(Input data begins)

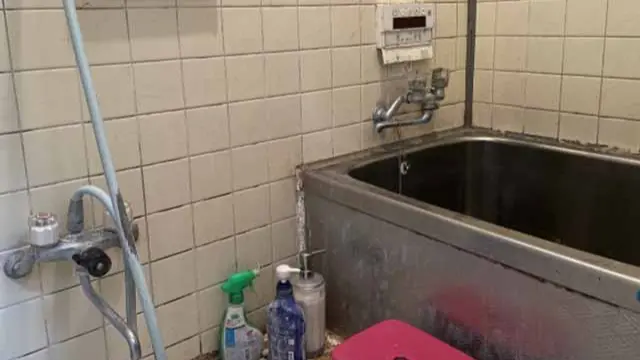 チョコサポの加盟店による水回りクリーニングの作業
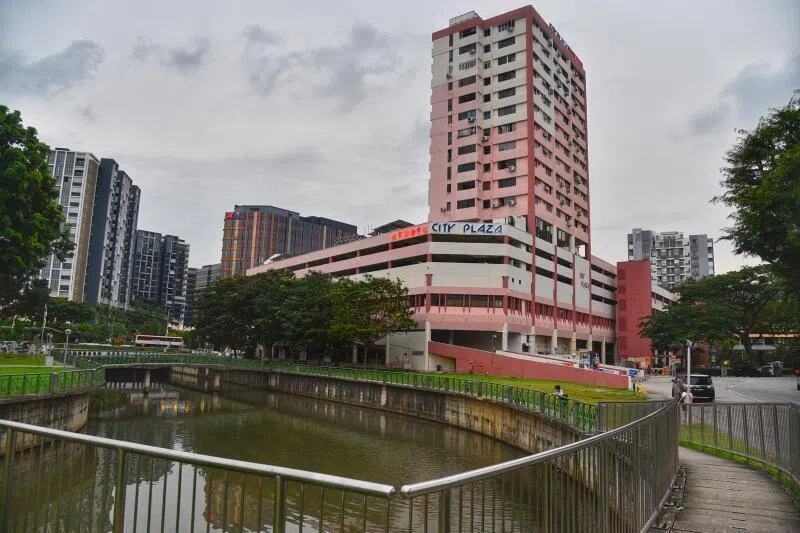 Zoned for commercial use, City Plaza sits on a 13,146 sq m site, with gross floor area of 33,781 sq m..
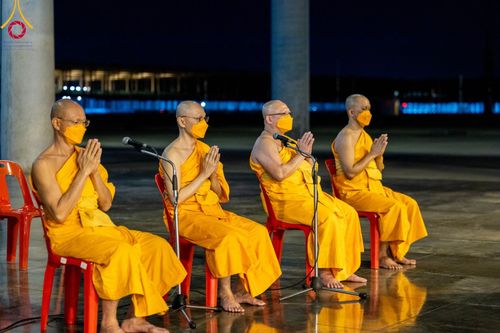 ภาพ No.100079:พิธีฉลองชัย สวดมนต์บทธัมมจักกัปปวัตนสูตร 5,899,999,999 จบ ณ มหารัตนวิหารคด วัดพระธรรมกาย วันจันทร์ที่ 27 พฤศจิกายน พ.ศ. 2566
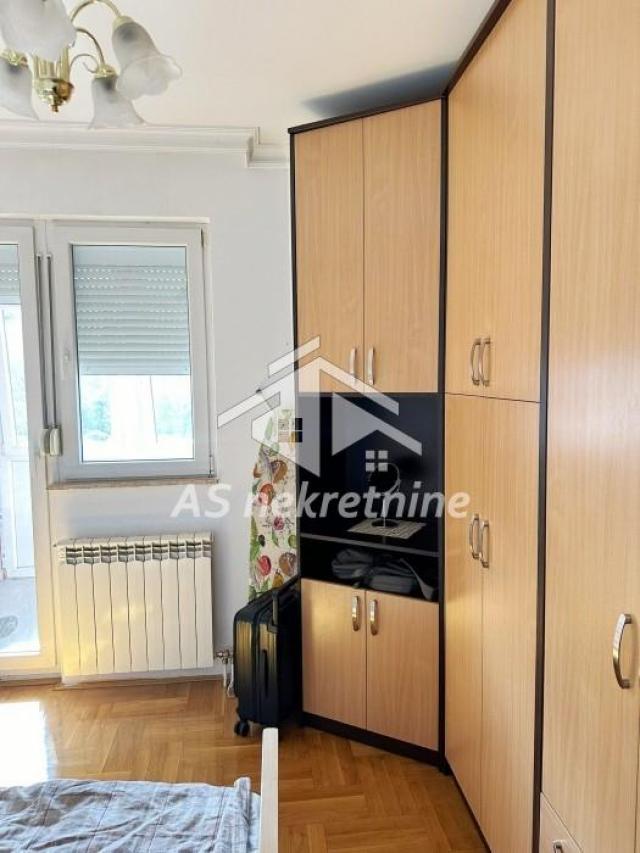 Fotografija stana 21 od 36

(Input data ends)

The result is an exact copy of the lines from the one holding "Zoned for commercial" through the final line of the data above, both ends included, minus the pictures.

 Zoned for commercial use, City Plaza sits on a 13,146 sq m site, with gross floor area of 33,781 sq m..
 ภาพ No.100079:พิธีฉลองชัย สวดมนต์บทธัมมจักกัปปวัตนสูตร 5,899,999,999 จบ ณ มหารัตนวิหารคด วัดพระธรรมกาย วันจันทร์ที่ 27 พฤศจิกายน พ.ศ. 2566
 Fotografija stana 21 od 36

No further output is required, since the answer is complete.